Tommy graduated in 2013 from Queen Mary University of London with a first class master's in theoretical physics. Since then he has been working as both a math teaching assistant and a higher education private tutor on subjects such as linear algebra, combinatorics, theory of computation, and group theory. His key interests were focused around discrete representation of space-time using computer implementation. During his final year at university, he developed a Dynamical Non-Deterministic Cellular Automata. The key was to find emergent behavior that showed some resemblance of modern physical theories of space-time and matter. This project is ongoing, and Tommy is currently attending the Wolfram Summer School to improve the efficiency of his implementations and to represent his system in greater than one dimension, where he hopes to find some interesting behavior.

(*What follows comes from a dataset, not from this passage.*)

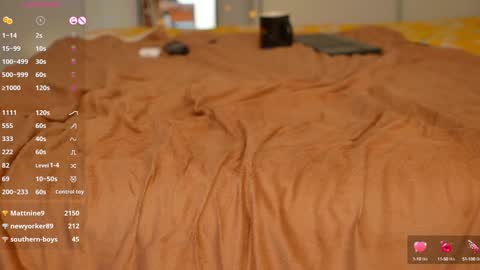 Snapshot of fazeyj chatting on 12.20.24 FazeyJ online show from 12.20.24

Project: Fully Connected Stochastic Substitutions (FCSS) Systems in Non-Euclidean Geometries
The specific system that will be investigated in this research project is structured much like a complete weighted graph on n vertices. Each edge, named interaction edge, consists of a string of indivisible unit parts, named space elements. The amount of these space elements effectively constitutes the weight of the corresponding edge and gives a measure of some ideal Euclidean distance between vertices. Each interaction edge evolves much like a stochastic substitution system, with each space element performing one of two actions, either duplicating (into two), or reducing (into zero), each with a corresponding probability. Furthermore, each point particle has the potential to split (into two, with one space element between them), or to merge, (the interaction edge completely reduces, resulting in one point particle). As well as these rules, each interaction edge also evolves via an action propagation mechanism, where the information of each action propagates through the system at a a rate of one space element per time-step, and does not update the state of the system until the information reaches the end of the interaction edge.
When generalizing this system to higher dimensions, the size of the weighted edges violates the constraints of flat Euclidean space. This not only implies intrinsic curvature of the system, when implemented in I dimensions, but also implies that there is one or more coordinate configuration in flat space that minimizes the stress function of the system (a measure of the configurations in different dimensions, given different distributions of weighted graphs), and we will use Mathematica's built-in function Minimize to find the "best fit" for these systems while using a Euclidean fitting algorithm to find other potential satisfying configurations. The evolution of the one-dimensional interaction edge system will be explored and used to determine its behavior in higher-dimensional statistical density distributions. The effect of splitting on the system will also be investigated, as well as that of the stress minimization fitting function.